Social determinants of health (SDoH) are the conditions in which people live, including where they’re born, what they do for work, and how they age. These determinants range from economic risk, food insecurity, and unstable housing, to lack of access to transportation and unsafe neighborhoods – and they all impact the overall health of our population. A person’s ZIP code is a stronger predictor to their potential health outcomes than their genetic code (Graham, Ostrowski, Sabina, healthaffairs.com). These unaddressed patients’ social needs also can contribute to high costs for health systems and manifest in ways like readmissions and unexpected emergency department (ED) visits. Understanding and better addressing SDoH can help us gain insights into our patients and ultimately help us improve the overall quality of care that we provide.

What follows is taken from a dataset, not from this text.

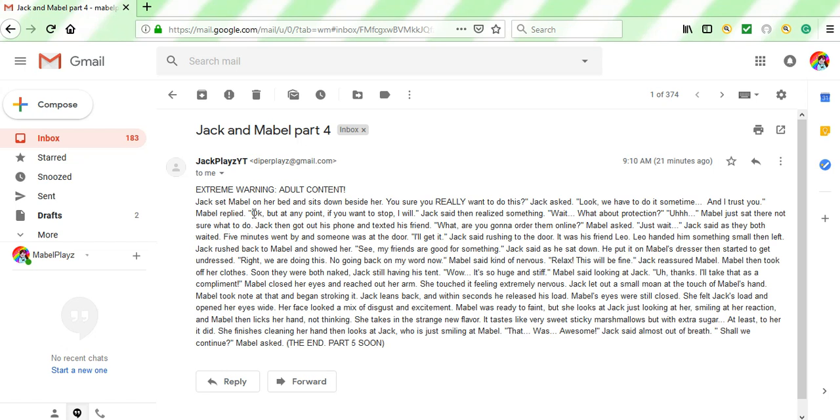Mabel replied. Okay, but at any point, if you want to stop, I will, Jack said, then realized something. Wait. What about protection? Mabel just sat there, not sure what to do.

For example, a 45-year-old man with previously well-controlled type 2 diabetes has recently been experiencing high blood sugar levels. Over the past 6 months, his A1C has increased. He readily admits to his provider that his medication adherence has worsened, and he has been more reliant on fast food. He attributes these changes to recent financial strain and an inability to afford his monthly medications and fresh food. He has less income from landscaping work in the winter months, and his utility bills have dramatically increased, largely due to costs of heating his poorly insulated home. (Dr. Thuy Bui, UPMC)
“These are real needs that, if unaddressed, create barriers to effective treatment and can lead to poor health outcomes,” said Minette Vaccariello, Product Manager at UPMC Enterprises. “As UPMC moves to value-based care delivery, like we are with our UPMC Children’s Hospital of Pittsburgh’s newly formed Pediatric Network, it is important for providers and their clinical teams to understand SDoH of their patients so that they can better manage their high-risk populations.”
Health systems across the country also are looking at SDoH. While some are just assessing analytics, others are building databases of community resources, and others are focusing on specific, actionable interventions. At UPMC Enterprises, we are working to connect analytic insights of our vulnerable populations with actionable SDoH interventions. Our team is working with operational champions, Tami Minnier and Dr. Rob Bart, as well as stakeholders at Children’s Hospital, to validate the analytics we’re uncovering. Additionally, we will be working with internal experts in this space to develop ways we can operationalize intervention strategies.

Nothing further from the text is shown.